To explore the biological importance of the SVs, we further annotated genes which were highly enriched in above GO categories. We found that many genes with CNV, INS and DEL regions are involved in disease-resistance and sugar metabolism pathways (Fig. 6b). For examples, Potom05G0191000 and Potom05G0207500 with CNV, Potom06G0303900 and Potom01G0355800 genes with DEL, all of which encode LRR receptor-like serine/threonine-protein kinase FLS2, which may be important for disease resistance. The disease-resistant genes in INS region are mainly annotated as nitro oxide synthase, enhanced disease susceptibility 1 protein and pathogenesis related protein 1, which are involved in plant hormone signal transduction and plant-pathogen interaction. More interestingly, we found 3 copies of both Potom05G0191000 and Potom05G0207500 in subgenome P. adenopoda , and 11 copies of both Potom05G0191000 and Potom05G0207500 in subgenomeP. alba var. pyramidalis . Previous studies in,Glycine max (McHale et al., 2012) also indicated that structural variations such as CNV are common in genes related to disease resistance and biological stress. More copy numbers of both Potom05G0191000 and Potom05G0207500 may help explain why the elite individual LM50 shows strong disease resistance—a trait that is known for among forest growers. Of course, this hypothesis needs functional validation.
We also found many genes involved in carbohydrate metabolism had structural variations including CNV, DEL and INS. They were , for example, as UDP-glucuronate 4-epimerase, alpha-1,4-galacturonosyltransferase, and beta-galactosidase (Fig. 6b). In addition, Potom03G0262900 and Potom01G0217800 that showed INS variation were annotated as ADP sugar diphosphatase and pectinesterase, and involved ribose phosphorylation and pentose and glucuronate interconversions, respectively; they may be important for energy and growth.
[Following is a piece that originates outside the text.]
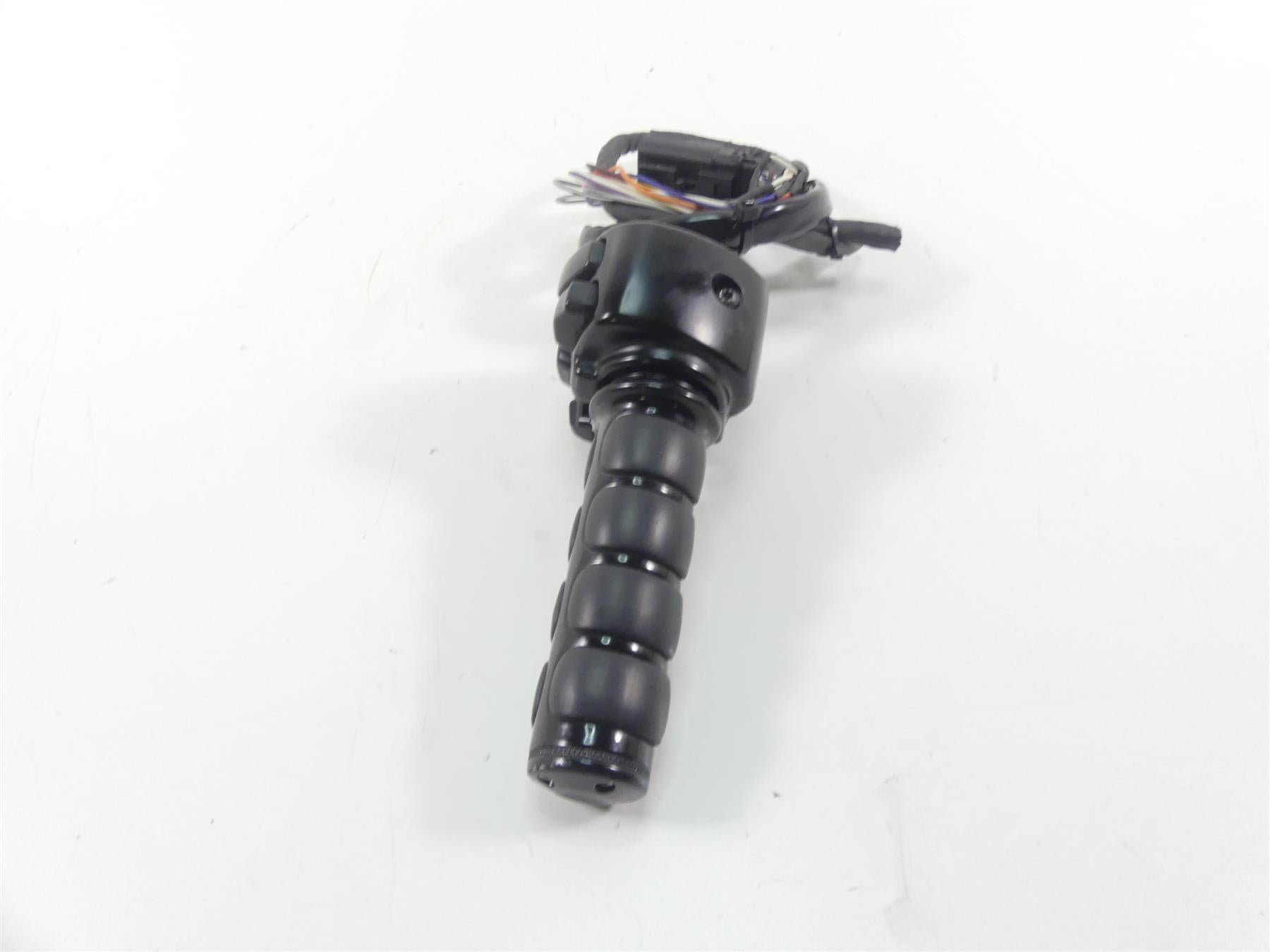 2013 Harley Touring FLHX Street Glide Right Hand Control Switch -Read 71684-06A {{ shop.shopifyCountryName }} - Mototech271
Finally, it well known that the existence of centromere and telomere plays an important role in maintaining chromosome stability. Interestingly, we also found that the three genes Potom01G0282700, Potom12G0168500 and Potom12G0040500 showed INS variation, and are involved in meiotic DNA break processing and repairing, chromatin silencing at rDNA, and histone methylation. These genes may play a role in maintaining chromosome structure or reducing the rate of meiotic recombination that we observed.